En la lección de Alexander Sokurov esta lógica fascinante se extiende al ámbito colectivo. Por más que dispongamos de miles de libros dedicados a disecciones del último trozo del pasado, vivimos la historia con la legislación del sueño, supervivientes en el interior de una toma infinita e invitados a un baile en el que participamos, sombras casi siempre, sin saber cuándo se ha iniciado la música ni cuándo se agotará la orquesta.

De ahí que busquemos la mediación del arte, el arca de Noé que atraviesa los diluvios que se abaten sobre cada generación. El arte sólo es importante por eso: porque nos permite disponer de una guía para supervivientes. En la película de Sokurov los espectadores actuales y los fantasmas históricos comparten esa única guía de viaje.

El protagonista de El arca rusa, un ilustrado francés perdido en el tiempo, deambula por las galerías del Hermitage con el pleno conocimiento de esa función del arte. Y tal vez por eso siente tan vivamente su placer, el mismo que sentiría un amante de la pintura al que se diera plena libertad para gozar sin restricción alguna de las grandes obras maestras. Para conseguirlo, no obstante, ese contemplador debería aceptar las mismas leyes del sueño que hacen que el náufrago salte de alegría en el arca de la supervivencia.

La película de Sokurov lo logra en la medida en que se adivina la correspondencia entre la multitud de bailarines que atraviesa las salas del Hermitage y los lienzos que cuelgan de sus paredes. Entre las obras de Poussin, Van Dyck, Rubens y El Greco, la cámara se detiene con mayor solicitud en dos pinturas de Rembrandt. En Dánae se halla resumido, en algún aspecto, el poder seductor del arte, el juego de espejos en el que se refleja un ritmo engañoso y salvador.
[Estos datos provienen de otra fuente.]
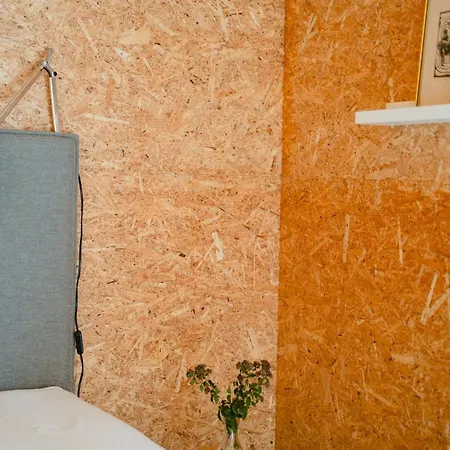 Morning Sun And Starry Sky From Bed * Yderby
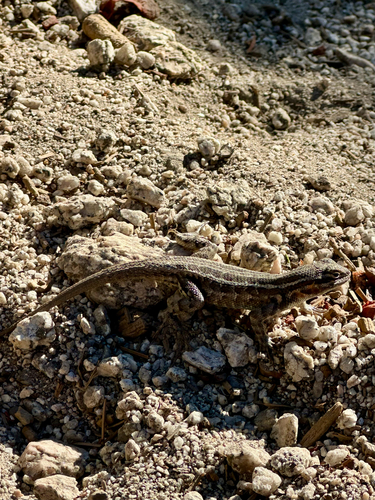 iNaturalist observation photo of Common Sagebrush Lizard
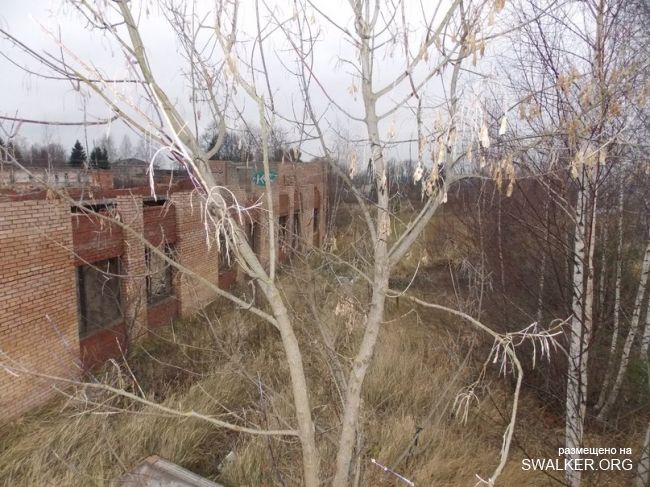 Заброшенный пионерлагерь Березка, Московская область Заброшенный пионерлагерь Березка, Московская область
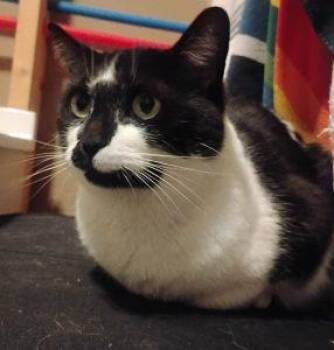 Domestic Short Hair Cats Available for Adoption in Anchorage, Alaska - Olive | PetCurious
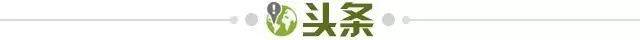 1722705184023086742.jpg 头条.jpg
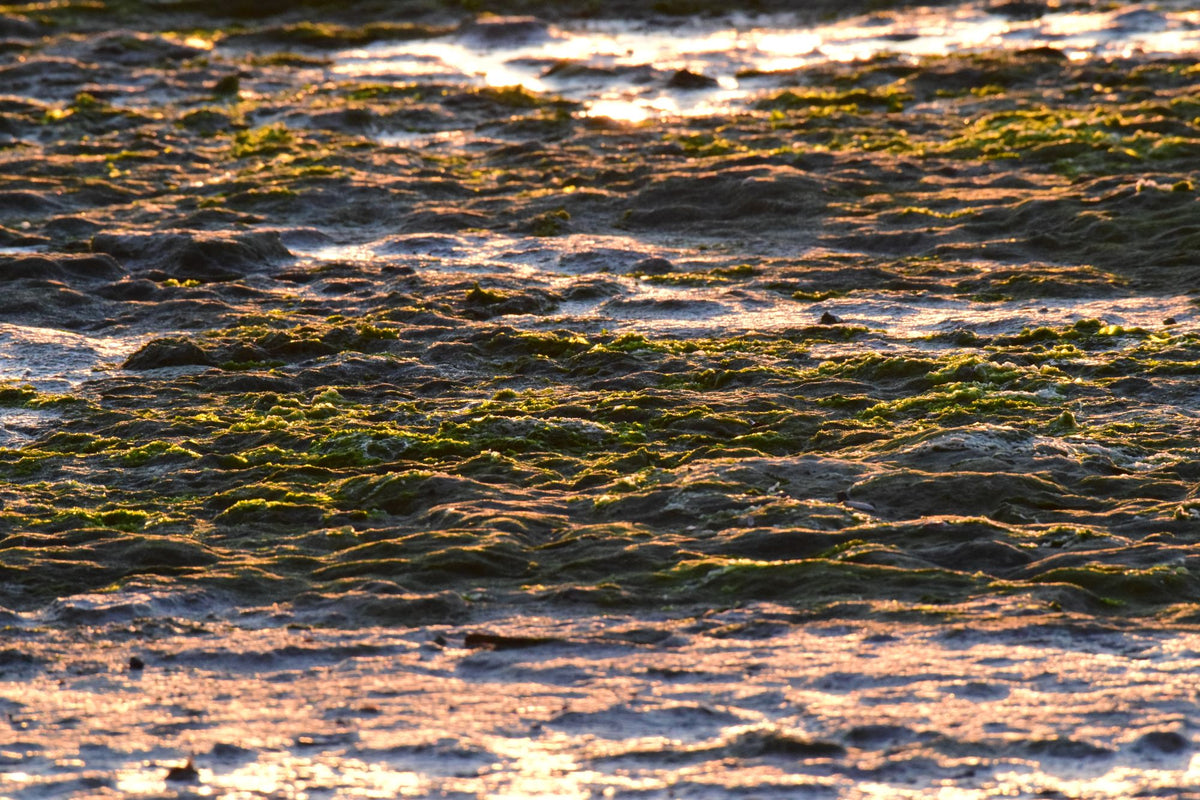 Seaweed on wet sand catching the golden light of a coastal sunset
En El retorno del hijo pródigo, una de las pinturas más emocionantes de la historia, en el hondo espacio oscuro resalta la luz maravillosa que Rembrandt ha puesto en la cara del anciano padre, ya ciego, que por fin tiene a su hijo junto a él tras años de espera.

Ante esa imagen, de repente, toda esa extraña danza parece tener un sentido.